%%

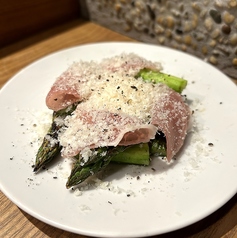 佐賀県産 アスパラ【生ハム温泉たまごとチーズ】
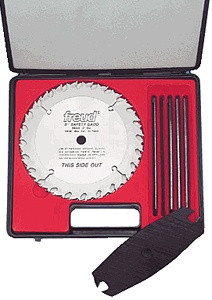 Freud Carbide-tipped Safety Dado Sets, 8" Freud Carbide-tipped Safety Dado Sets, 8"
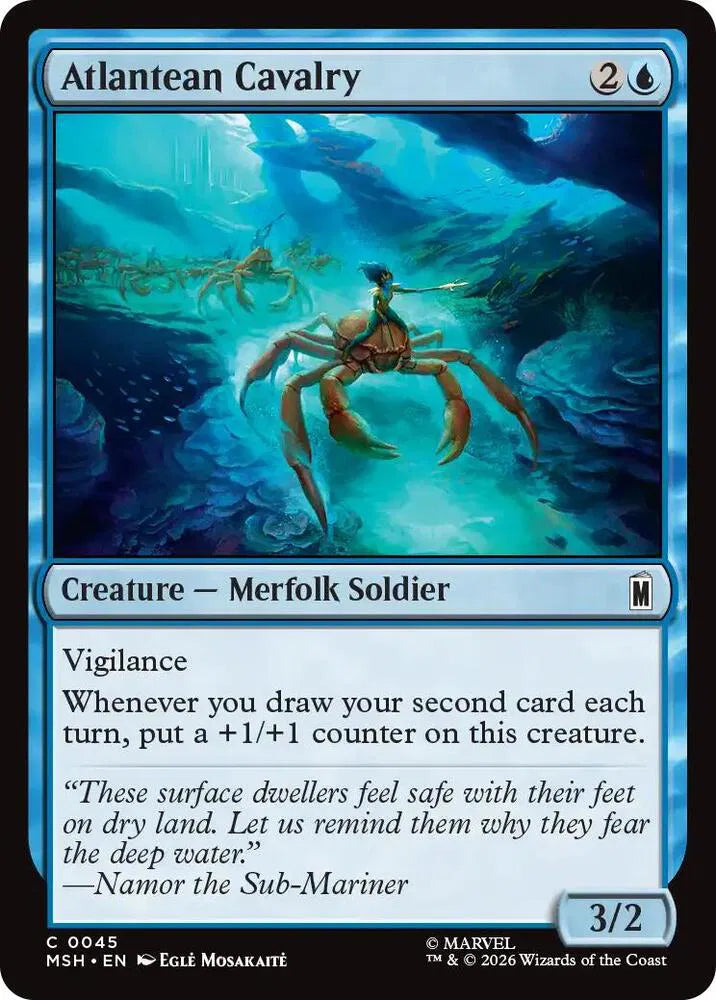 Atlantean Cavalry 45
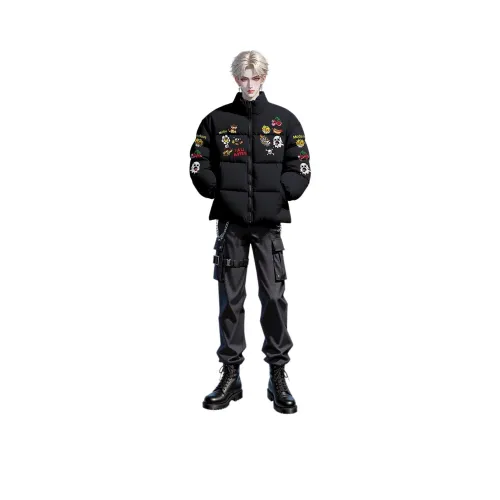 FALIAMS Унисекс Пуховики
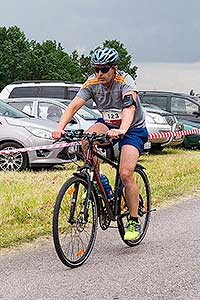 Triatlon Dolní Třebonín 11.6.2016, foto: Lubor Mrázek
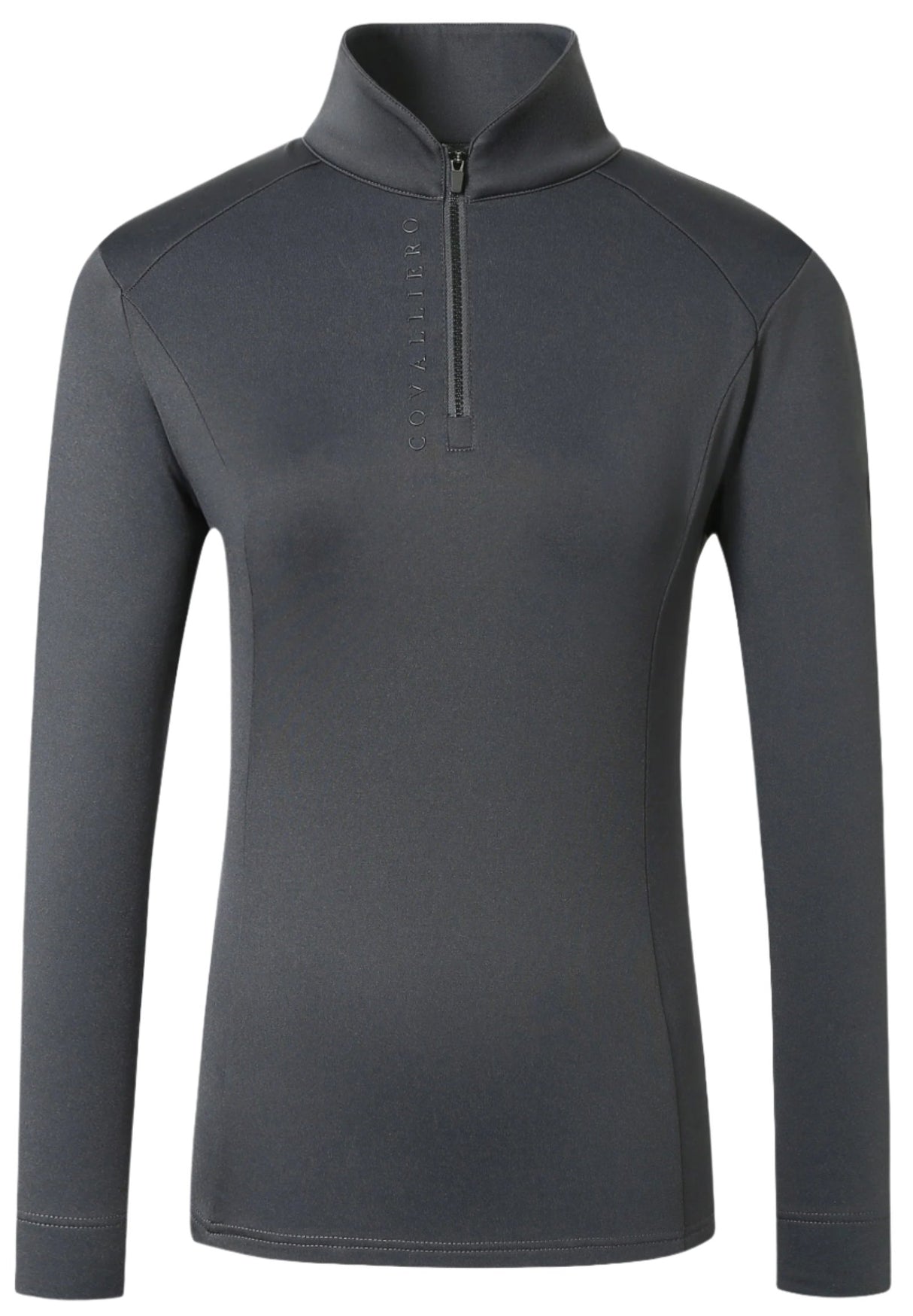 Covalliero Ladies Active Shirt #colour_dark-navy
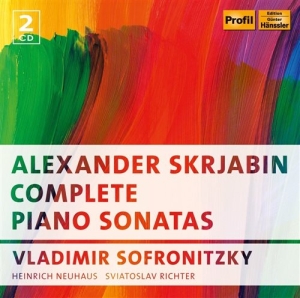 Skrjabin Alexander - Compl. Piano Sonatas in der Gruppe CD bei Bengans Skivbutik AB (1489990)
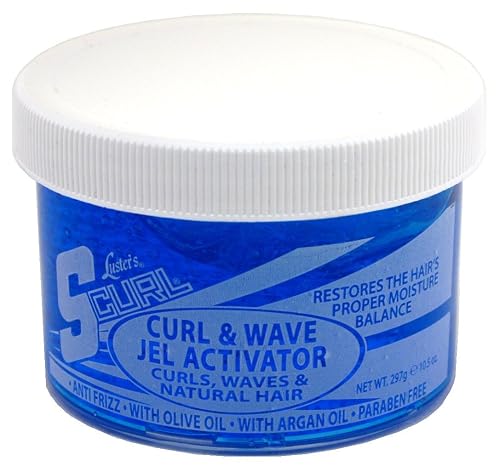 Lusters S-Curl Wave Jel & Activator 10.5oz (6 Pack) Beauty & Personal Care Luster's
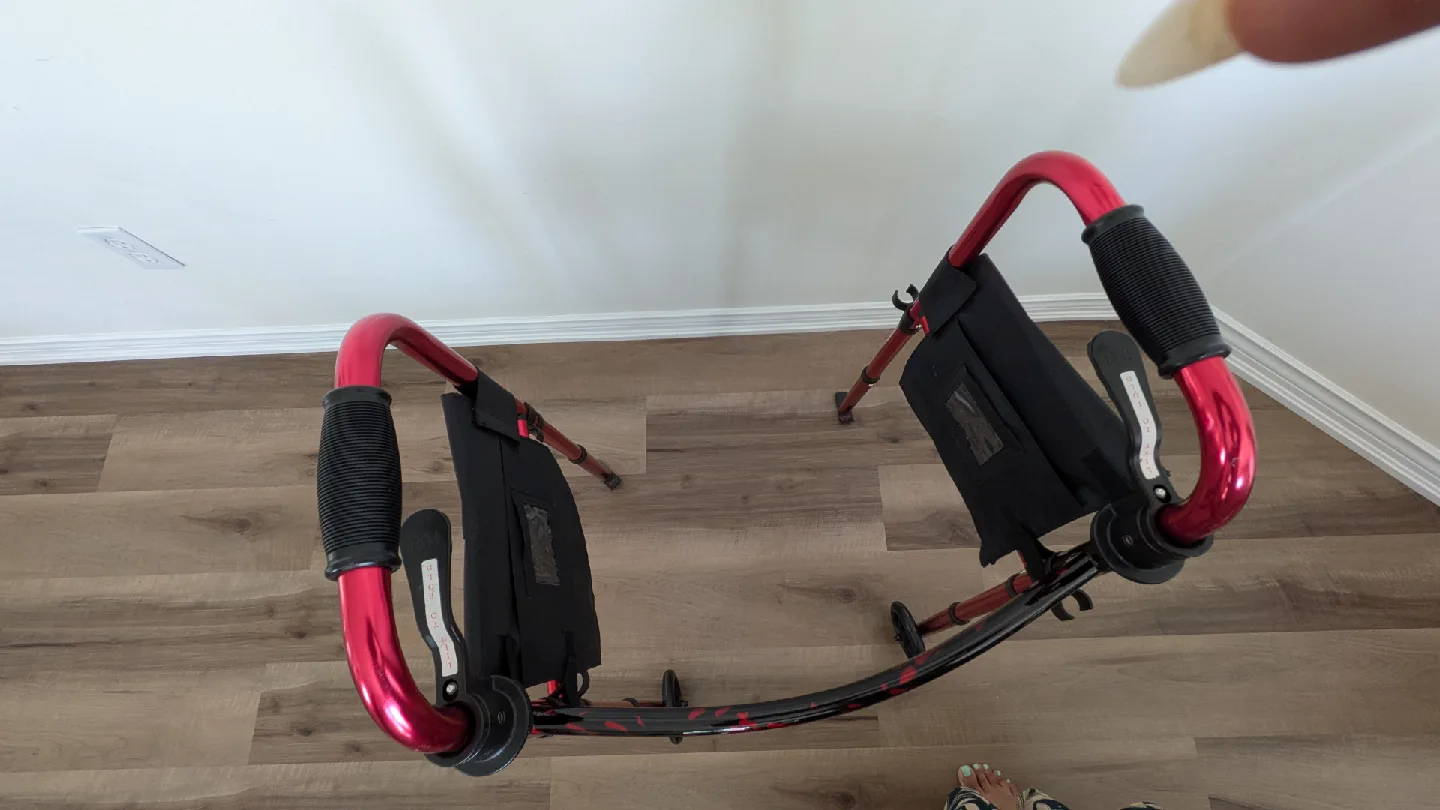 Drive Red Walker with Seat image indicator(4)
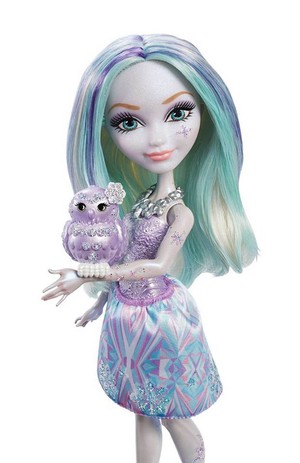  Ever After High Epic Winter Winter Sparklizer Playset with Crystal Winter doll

%%

The whole listing above must be set down again exactly, but without its images.

EXERCISE ANSWER:
 佐賀県産 アスパラ【生ハム温泉たまごとチーズ】
 Freud Carbide-tipped Safety Dado Sets, 8" Freud Carbide-tipped Safety Dado Sets, 8"
 Atlantean Cavalry 45
 FALIAMS Унисекс Пуховики
 Triatlon Dolní Třebonín 11.6.2016, foto: Lubor Mrázek
 Covalliero Ladies Active Shirt #colour_dark-navy
 Skrjabin Alexander - Compl. Piano Sonatas in der Gruppe CD bei Bengans Skivbutik AB (1489990)
 Lusters S-Curl Wave Jel & Activator 10.5oz (6 Pack) Beauty & Personal Care Luster's
 Drive Red Walker with Seat image indicator(4)
  Ever After High Epic Winter Winter Sparklizer Playset with Crystal Winter doll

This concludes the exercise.